RECORD EXTRACTS section start

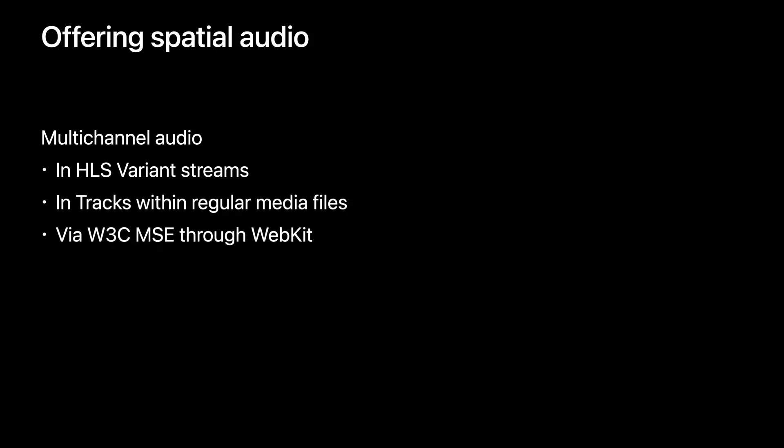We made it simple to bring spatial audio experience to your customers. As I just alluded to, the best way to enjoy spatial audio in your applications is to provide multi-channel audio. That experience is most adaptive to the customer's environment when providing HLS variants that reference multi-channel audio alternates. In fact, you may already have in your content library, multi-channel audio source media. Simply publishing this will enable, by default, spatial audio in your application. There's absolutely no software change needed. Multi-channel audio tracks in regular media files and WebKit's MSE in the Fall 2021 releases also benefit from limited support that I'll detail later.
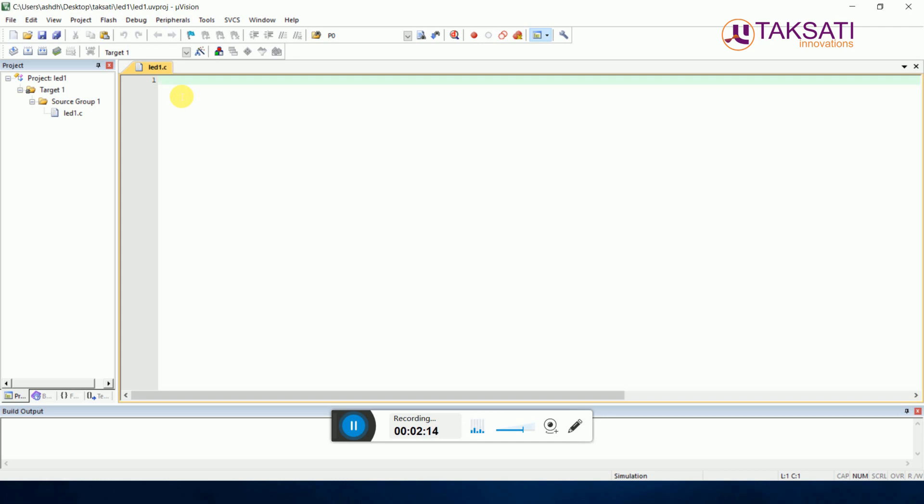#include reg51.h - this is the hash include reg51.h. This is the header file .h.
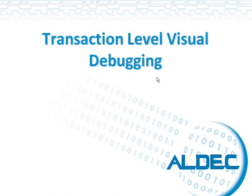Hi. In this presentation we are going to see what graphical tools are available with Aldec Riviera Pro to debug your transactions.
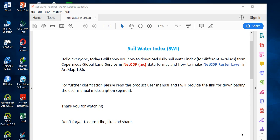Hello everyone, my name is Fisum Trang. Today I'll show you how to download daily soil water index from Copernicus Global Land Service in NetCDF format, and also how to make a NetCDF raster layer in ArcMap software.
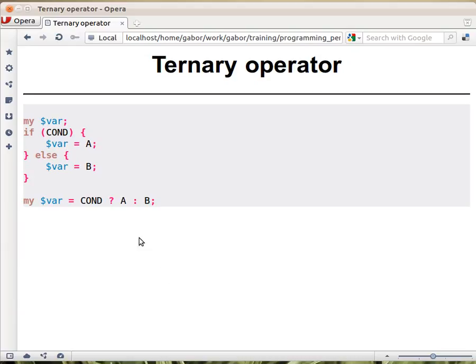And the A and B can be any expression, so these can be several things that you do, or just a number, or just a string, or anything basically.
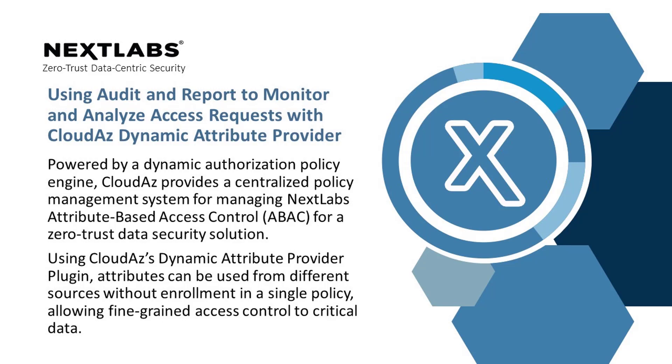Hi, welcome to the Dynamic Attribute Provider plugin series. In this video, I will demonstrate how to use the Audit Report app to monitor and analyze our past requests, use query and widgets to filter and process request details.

RECORD EXTRACTS section end

Reproduce only the lines from the line with "Hi. In this" to the end of the entries. Keep both ends, copy them exactly, and omit every picture.

Hi. In this presentation we are going to see what graphical tools are available with Aldec Riviera Pro to debug your transactions.
Hello everyone, my name is Fisum Trang. Today I'll show you how to download daily soil water index from Copernicus Global Land Service in NetCDF format, and also how to make a NetCDF raster layer in ArcMap software.
And the A and B can be any expression, so these can be several things that you do, or just a number, or just a string, or anything basically.
Hi, welcome to the Dynamic Attribute Provider plugin series. In this video, I will demonstrate how to use the Audit Report app to monitor and analyze our past requests, use query and widgets to filter and process request details.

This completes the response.